File dates are not displayed, as they all depend on the time from last reboot, and don't mean much in this environment.

NOTE: the name is _dir() because dir() is a python builtin.

grep()

    grep(filename, pattern, numbers=False)
    in:  filename         the file to scan
         pattern          a python regex to match
         numbers          whether to prepend a line-number + space 
    return: Null

You can search a file for a pattern, and any matching lines are displayed.

Searches using ^ (start of line) work fine, but searches with $ (end-of-line) aren't currently working.

Examples
tf.grep('log.txt', '2021-03-\d\d')
tf.grep('config.txt', 'user.\s=')
tf.grep('config.ini', '\[\w*\]', numbers = True)

sed()

  sed(filename, pattern, bak_ext=".bak")
  in:  filename       the file to edit
       pattern        a sed pattern, involving one of "aidsxX"
       bak_ext        the extension to use when creating the file backup (without the dot)
  return: tuple(number of lines in the input file, number of lines modified/added/deleted/matched)
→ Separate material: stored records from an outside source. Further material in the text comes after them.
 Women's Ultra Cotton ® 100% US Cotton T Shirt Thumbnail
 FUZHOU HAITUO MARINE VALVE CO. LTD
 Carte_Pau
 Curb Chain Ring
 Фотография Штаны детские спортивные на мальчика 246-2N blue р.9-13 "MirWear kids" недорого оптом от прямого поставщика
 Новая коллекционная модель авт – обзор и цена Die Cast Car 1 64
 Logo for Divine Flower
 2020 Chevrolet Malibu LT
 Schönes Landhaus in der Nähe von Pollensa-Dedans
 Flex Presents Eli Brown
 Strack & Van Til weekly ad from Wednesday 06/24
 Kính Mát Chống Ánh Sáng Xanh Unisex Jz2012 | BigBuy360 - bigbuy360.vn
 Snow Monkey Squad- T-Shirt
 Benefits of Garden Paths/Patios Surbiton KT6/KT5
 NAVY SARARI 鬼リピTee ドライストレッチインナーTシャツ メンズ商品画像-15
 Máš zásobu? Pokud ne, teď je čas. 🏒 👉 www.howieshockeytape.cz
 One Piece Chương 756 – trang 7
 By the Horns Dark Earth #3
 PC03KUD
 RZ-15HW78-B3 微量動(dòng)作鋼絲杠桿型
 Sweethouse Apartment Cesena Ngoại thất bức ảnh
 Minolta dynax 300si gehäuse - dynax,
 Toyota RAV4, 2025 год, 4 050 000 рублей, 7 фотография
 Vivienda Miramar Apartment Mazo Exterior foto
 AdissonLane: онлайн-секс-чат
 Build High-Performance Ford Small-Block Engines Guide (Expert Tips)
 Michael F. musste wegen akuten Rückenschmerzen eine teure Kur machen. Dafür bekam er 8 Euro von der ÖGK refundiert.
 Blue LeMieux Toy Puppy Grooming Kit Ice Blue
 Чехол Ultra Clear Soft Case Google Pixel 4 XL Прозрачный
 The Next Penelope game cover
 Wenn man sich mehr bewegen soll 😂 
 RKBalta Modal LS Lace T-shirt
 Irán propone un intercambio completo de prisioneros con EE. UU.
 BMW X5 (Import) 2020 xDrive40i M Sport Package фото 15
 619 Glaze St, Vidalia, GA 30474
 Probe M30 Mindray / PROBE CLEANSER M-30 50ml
The sed function is an inline file editor, based on sed from the Unix world. When invoked, it first renames the source file to have a .bak extension. That file is opened and each line of the source file is loaded in, and a regex pattern match is performed. If the line is changed/found/inserted, then the output is streamed to the new (output) file with the same name as the original; it appears to the user that the files is edited-in-place, with a .bak file created.

This version of sed has 6 commands:

  • a appends a line
  • i inserts a line
  • d deletes a line or lines
  • s does a search and replace
  • x does a grep and only saves lines that match
  • X does a grep and only saves lines that do not match

If the single-letter command is preceded by a number or number-range, then the edit operation only applies to that line(s). A number range may be separated by - hyphen or , comma.

Examples
12aMAX_FILE_NAME=255             insert a line AFTER line 12
12iDEFAULT_DIR = "/"             insert a line BEFORE line 12
43-45d                           delete lines 43, 44 and 45
1,20s/^#\s*/##  /                only in lines 1 through 20, replace lines that 
                                 start with a # followed by whitespace
                                 with two-# and two-spaces....to align some comments

The x/X patterns are wrapped in a pair of delimiter characters, typically /, although any other character is allowed (except space). Valid X commands are:

x/abcd/
10-20X/\w*\s*\d\d/
x!ratio x/y!

Similarly, the s patterns are wrapped in a triplet of delimiter characters, typcially / also. Valid 's' commands are

s/toronto/Toronto/
s/thier/their/
10-120s/while\s(True|False)/while 1/
s@ratio\s*=\s*num/denom@ratio = num/denom if denom else 0@

Note: The function version of sed() can have embedded space characters in the pattern; the command line version (below) requires single-quotes around patterns that have space characters.

Note: You will need some free space on your disk, the same size as the source file, as a backup file is always made. To edit an 800k file, you should have 800k of free space.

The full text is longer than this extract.